As for imagining different places, histories, and individuals, I’d argue we write to learn what we don’t know; we write toward the mysteries, the things we can’t articulate but believe are there, feel are there.  Maybe we start with what we know, but then we work in the opposite direction, away from the things that are comfortable, familiar known.  Otherwise we’re not learning, and if we’re not learning, why bother?  So that’s why I often choose subjects and characters whose experiences, on the surface at least, are quite different from my own.

  • Your  stories in ‘Memory Wall’ are long – the title story is 85 pages and still  works very well as a short story, in my view. Do you think important themes can be developed in a much shorter text and do you have any thoughts or advice about writing to a word limit? The Bath Short Story Award is limited to 2200 words.

I love working on short stories for a lot of reasons, but one stands out: they’re short.  When I’m working on a story, even an inordinately long one like “Memory Wall,” there are usually about 10,000 words I have to comb through before I start adding new material. So it’s short enough that I can read through the entire piece, make some revisions, and add new material in a single day.  Here’s an easy metaphor: I’m able to keep the paint wet in all the corners of the canvasI really think that helps make a narrative feel whole to a reader. A novel, on the other hand, quickly gets too large and unwieldy.  Sometimes there will be passages in your novel that you haven’t reread in a year. The canvas is so large that you are never able to visit all of it in one day (or several weeks) of work.

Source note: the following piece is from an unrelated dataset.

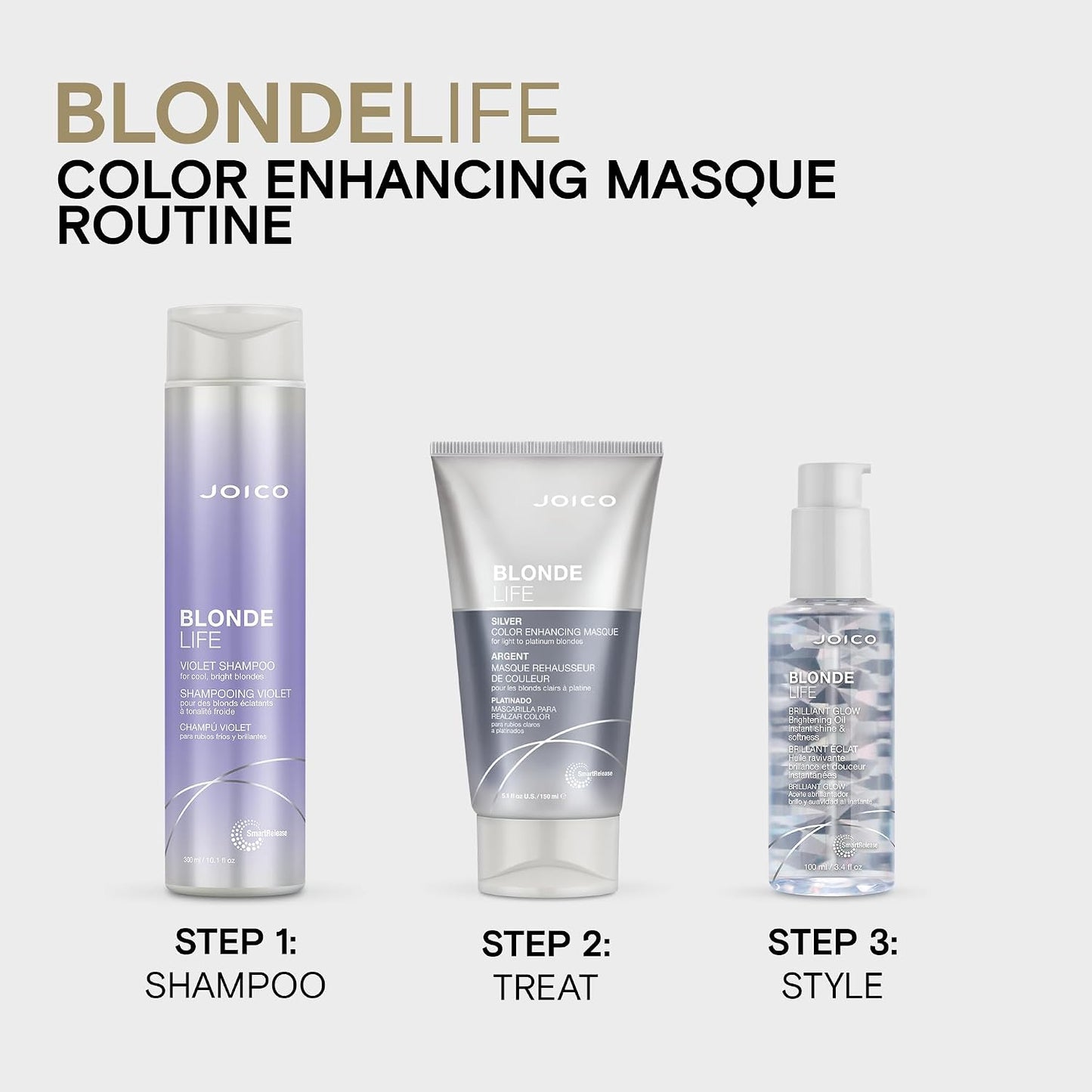 Joico - Blonde Life Colour Treatment Silver - 150 ml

As for a word limit, I tend to prefer reading and writing stories that are longer than 2,200 words, but yes, of course, I think stories of that length can achieve a great deal.  Look at Peter Orner’s work in Esther Stories, or many of Stuart Dybek’s short stories, or Jamaica Kinkaid’s “Girl” or Isaac Babel’s “My First Goose” or Joyce’s “Araby.”  Look at Tobias Wolff’s “Say Yes.”

  • Which other short story writers have influenced your writing? Can you say why?

Maybe two more than any others: Amy Hempel, because of her compression and playfulness with language.  And Alice Munro because of what she can do with time.  Munro can skim through a decade in a paragraph, or trawl through a single decision for several pages.

I also love story writers who pay attention to the natural world: Annie Dillard, Nadine Gordimer, Andrea Barrett, Sarah Orne Jewett…  I’m an amateur naturalist at heart, a person who is most comfortable outdoors looking for creatures, looking for beauty, weather, light, water.  And I love to render the things I see into language–only by writing it out, I think, can I make it real to myself.

  • What editing advice would you give to writers who are considering entering our competition?

Reward the generosity of your reader! Try to examine every single word in your story and ask yourself: Is it a lazy choice? Does this adjective/article/noun/verb absolutely need to be there?  If someone is nice enough to spend a half-hour reading something you’ve written, try to make your prose absolutely worthy of his or her time. Make the dream that unfolds inside your sentences so persuasive, seamless and compelling, that your reader won’t put it down.